Clashes and bomb attacks killed at least 13 more in Baghdad and as night fell a mortar shell crashed out of the sky onto a cafe in a Shiite district north of the capital, killing six people playing dominos.
Government and Shiite leaders blamed Sunni extremists and fighters still loyal to the regime of ousted dictator Saddam Hussein for the Najaf blast, accusing them of fomenting violence between Iraq's rival Sunni and Shiite communities.
Shiite leader Abdelaziz Hakim, head of the Supreme Council for Islamic Revolution in Iraq, one of the pillars of the coalition government, demanded the right to form neighbourhood defence committees.
Large security operation
"The recurrence of such criminal acts confirms the perpetrators are takfiris (Sunni extremists), Baathists and the Saddamists who are aiming their dirty sectarian war against the descendants of the Prophet Mohammed," he said.

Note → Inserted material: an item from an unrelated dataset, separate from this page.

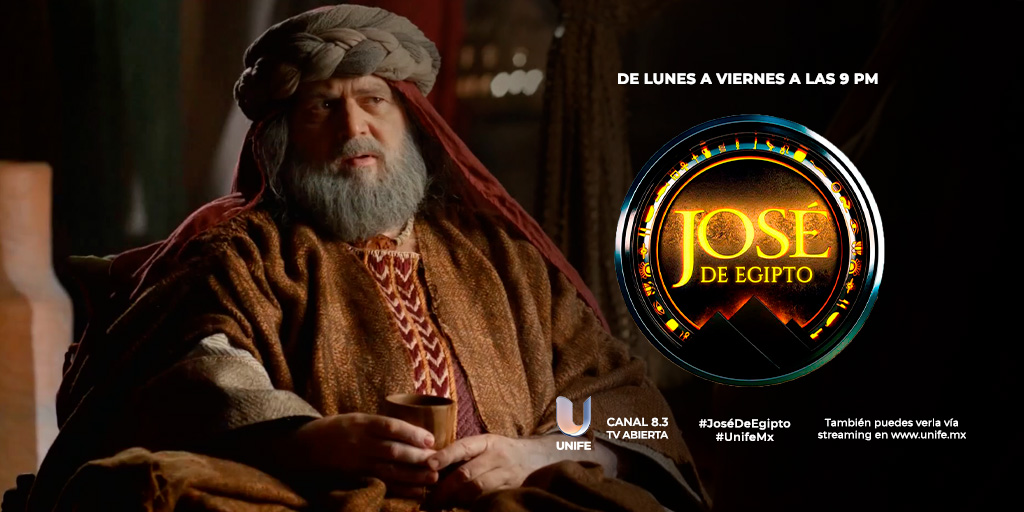 UnivMx's tweet photo. ¡No te pierdas cada detalle de esta increíble historia!

#JoséDeEgipto, de lunes a viernes a las 9 p. m., solo en #UnifeMx, canal 8.3, TV abierta. O por streaming en https://t.co/84OZ1pHjBj https://t.co/dRhpvKtYSG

The government of Prime Minister Nuri al-Maliki, himself a Shiite, has in the past vowed to disarm unofficial militias, and is now engaged in a large security operation in Baghdad alongside US forces to root out death squads.
The US ambassador in Iraq, Kalmay Khalilzad, echoed calls from Iraqi leaders for the increasingly divided communities of Iraq to unite to oppose violence.
"Terrorists are the enemies of Iraqi unity, security, democracy and prosperity," he said in a statement released in the Iraqi capital.
"In addition to uniting, the best response to todays attack is for Iraqis with information about terrorist activities to provide it to the security forces," he added.
Measure of calm
Nevertheless, the bloodshed continued on Friday when insurgents detonated a roadside bomb as a police patrol passed the entrance to the northern town of Hawijah, killing two officers and wounding four.
And in the central, mainly Shiite town of Kut, undidentified gunmen opened fire on the offices of a Kurdish political party, the Patriotic Union of Kurdistan, wounding one guard and starting a fire inside, police said.
In Najaf itself, a measure of calm had returned, but cars were banned from the historic old city around Imam Ali's mausoleum as families prepared to bury their dead, an AFP correspondent in the city said.
US commanders estimate that 80% of the violence in Iraq is concentrated around the capital, which is increasing split on sectarian lines and plagued by attacks.